# Directions for this task
Once you find the line below that has "[임신 26-28주 일기] 너무 귀여운 쩐돌이 얼굴 공개 (입체초음파)", output it and every line after it exactly, stopping after the line that has "Casos de tuberculosis", with no pictures.

# Input
=-=-=-=-=

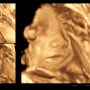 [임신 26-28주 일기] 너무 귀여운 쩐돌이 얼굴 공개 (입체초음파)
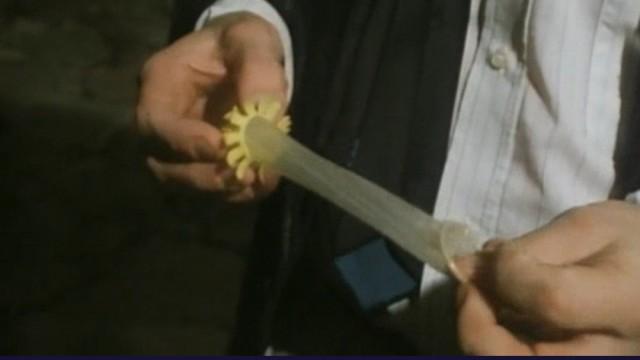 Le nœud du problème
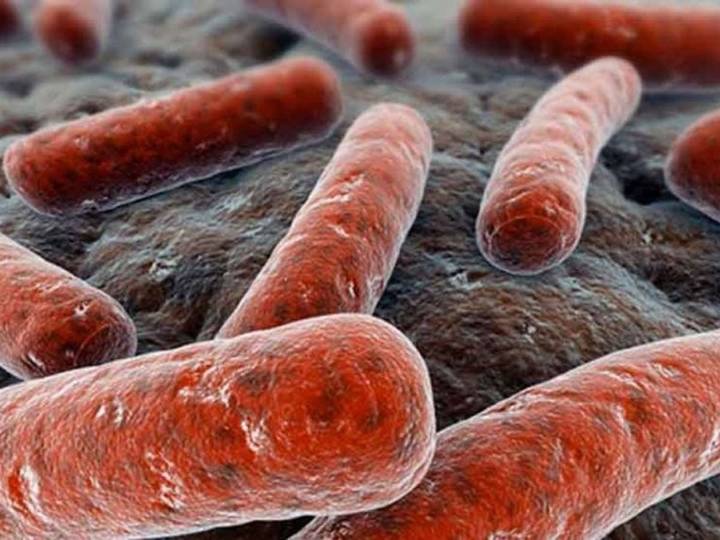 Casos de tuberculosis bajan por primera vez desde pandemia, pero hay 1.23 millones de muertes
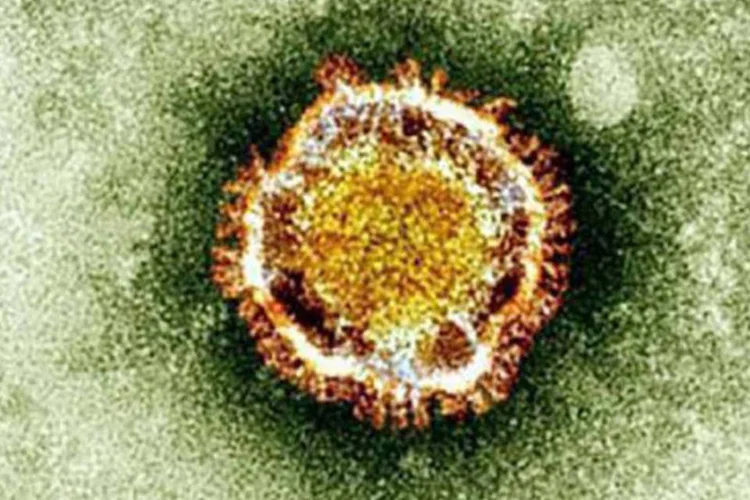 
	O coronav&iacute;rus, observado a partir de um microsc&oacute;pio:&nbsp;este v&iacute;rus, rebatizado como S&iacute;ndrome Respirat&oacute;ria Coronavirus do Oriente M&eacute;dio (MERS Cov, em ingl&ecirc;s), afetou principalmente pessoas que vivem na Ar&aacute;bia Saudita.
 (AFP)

=-=-=-=-=

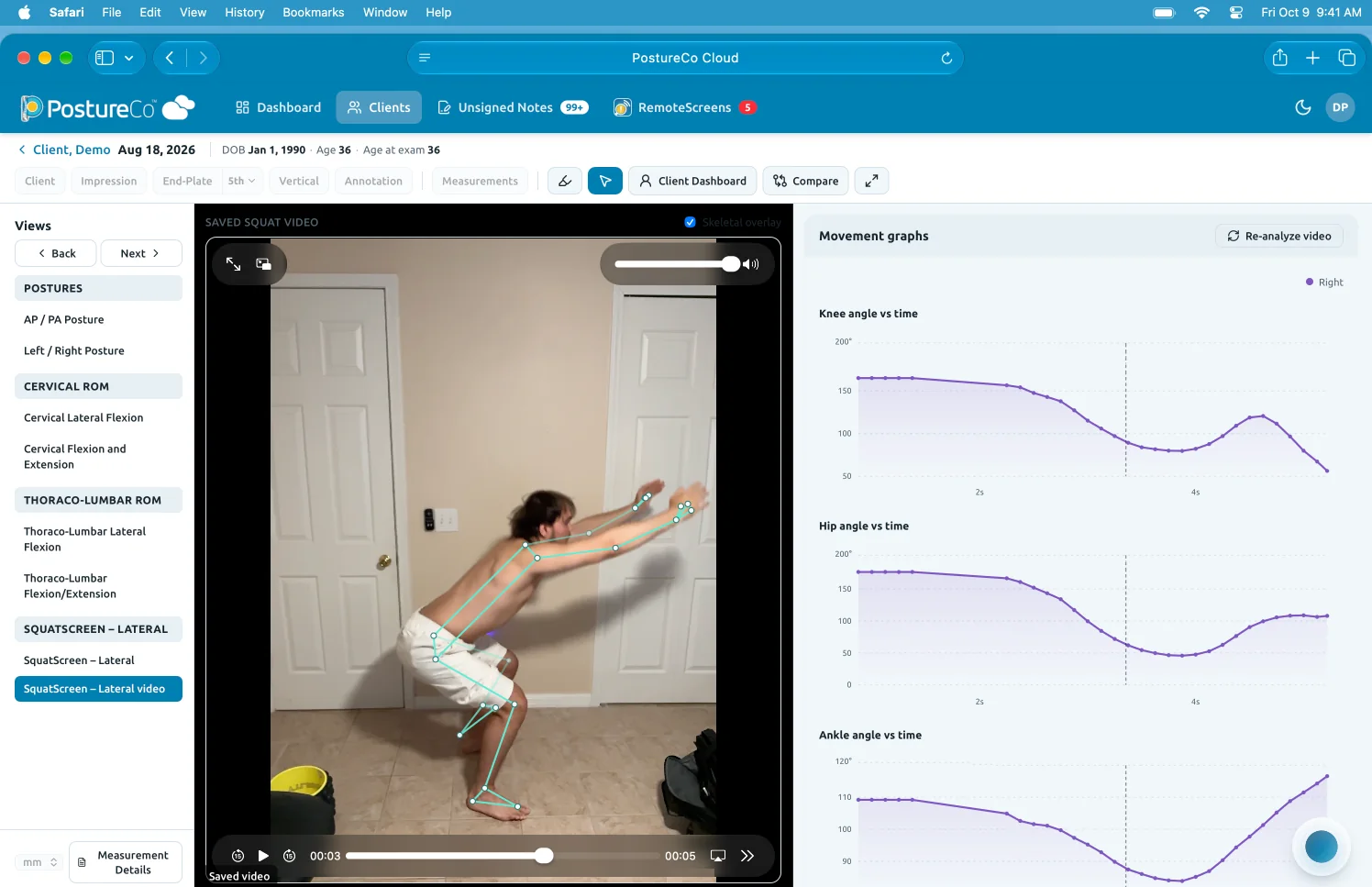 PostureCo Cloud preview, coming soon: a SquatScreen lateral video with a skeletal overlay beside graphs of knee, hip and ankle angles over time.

=-=-=-=-=

# Finished task
 [임신 26-28주 일기] 너무 귀여운 쩐돌이 얼굴 공개 (입체초음파)
 Le nœud du problème
 Casos de tuberculosis bajan por primera vez desde pandemia, pero hay 1.23 millones de muertes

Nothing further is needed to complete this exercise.